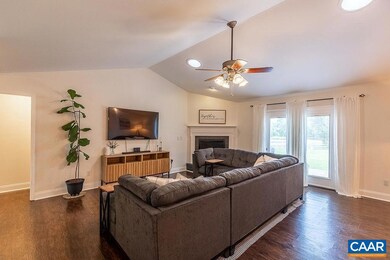 29106 Mary Violet Ln, Rhoadesville, VA 22542 - photo 6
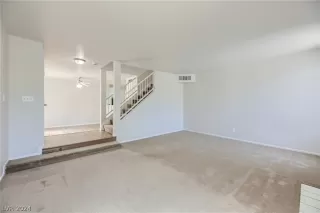 Photo #3: 2601215 Listing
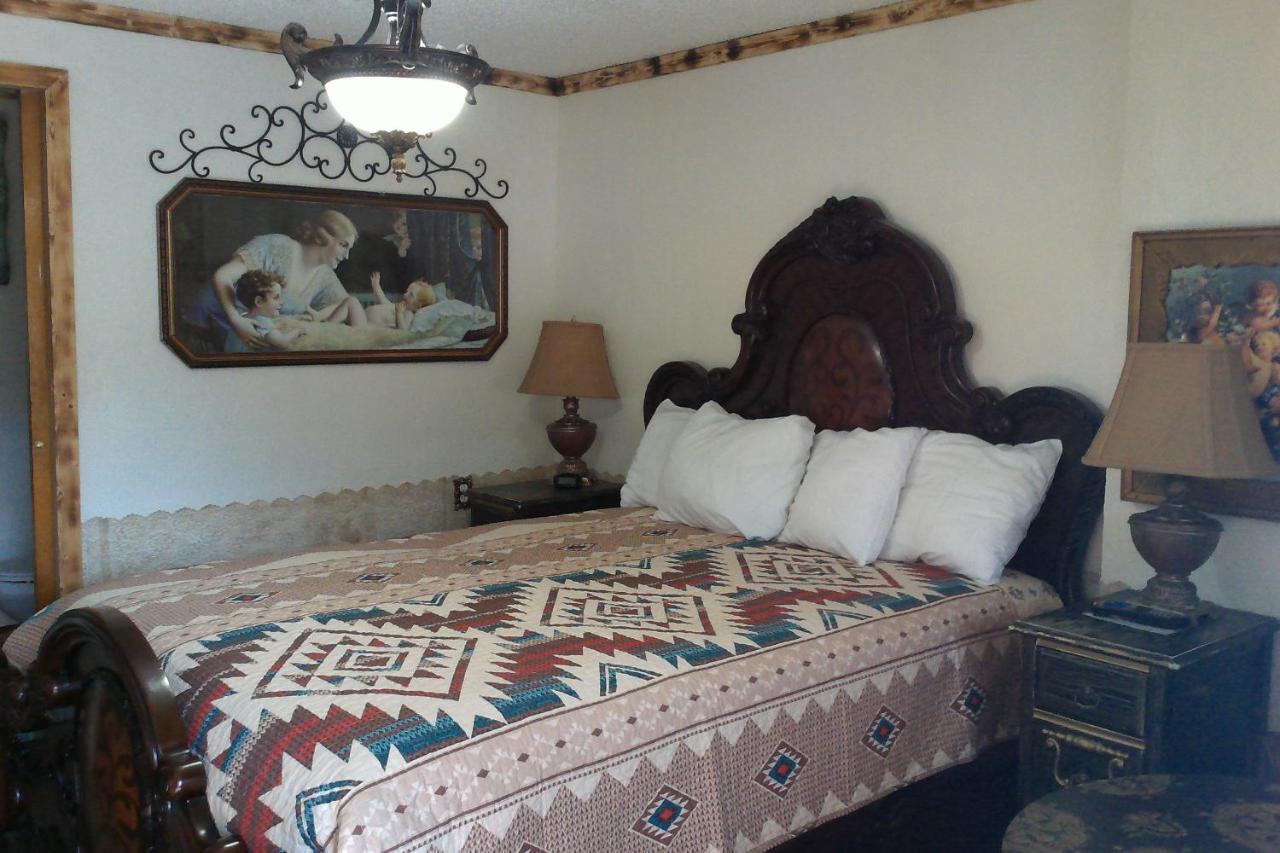 Black Bear Motel Davenport Luaran gambar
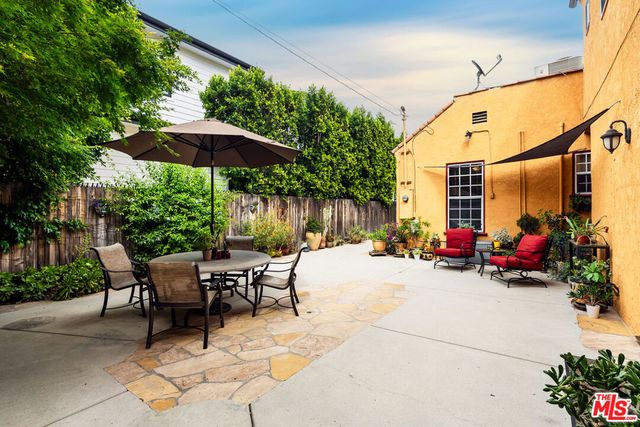 4333 Vantage Avenue, Studio City, CA 91604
────
▶ [YOUR ASSIGNMENT]: Please set down the data above exactly as given, leaving every picture out.

▶ [EXPECTED ANSWER]:
 29106 Mary Violet Ln, Rhoadesville, VA 22542 - photo 6
 Photo #3: 2601215 Listing
 Black Bear Motel Davenport Luaran gambar
 4333 Vantage Avenue, Studio City, CA 91604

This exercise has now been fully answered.